--- Data for this exercise Enclosed Below ---

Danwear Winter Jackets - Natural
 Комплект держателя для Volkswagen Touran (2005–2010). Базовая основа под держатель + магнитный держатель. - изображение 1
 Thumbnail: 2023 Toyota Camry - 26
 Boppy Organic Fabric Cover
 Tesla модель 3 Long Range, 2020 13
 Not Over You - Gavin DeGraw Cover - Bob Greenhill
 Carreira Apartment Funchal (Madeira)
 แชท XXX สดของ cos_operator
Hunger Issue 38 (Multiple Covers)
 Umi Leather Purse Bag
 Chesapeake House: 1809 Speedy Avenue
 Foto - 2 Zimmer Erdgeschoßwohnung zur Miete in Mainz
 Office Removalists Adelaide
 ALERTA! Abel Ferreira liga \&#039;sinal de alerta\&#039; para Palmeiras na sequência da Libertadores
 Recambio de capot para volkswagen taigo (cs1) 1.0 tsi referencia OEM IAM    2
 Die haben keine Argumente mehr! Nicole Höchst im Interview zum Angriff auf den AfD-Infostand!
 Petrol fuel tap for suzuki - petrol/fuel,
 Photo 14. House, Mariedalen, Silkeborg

--- End of Enclosed Data for this exercise ---

Could you print, exactly and with nothing else, the lines from the one containing "Foto - 2 Zimmer" through the last line of the records above?

 Foto - 2 Zimmer Erdgeschoßwohnung zur Miete in Mainz
 Office Removalists Adelaide
 ALERTA! Abel Ferreira liga \&#039;sinal de alerta\&#039; para Palmeiras na sequência da Libertadores
 Recambio de capot para volkswagen taigo (cs1) 1.0 tsi referencia OEM IAM    2
 Die haben keine Argumente mehr! Nicole Höchst im Interview zum Angriff auf den AfD-Infostand!
 Petrol fuel tap for suzuki - petrol/fuel,
 Photo 14. House, Mariedalen, Silkeborg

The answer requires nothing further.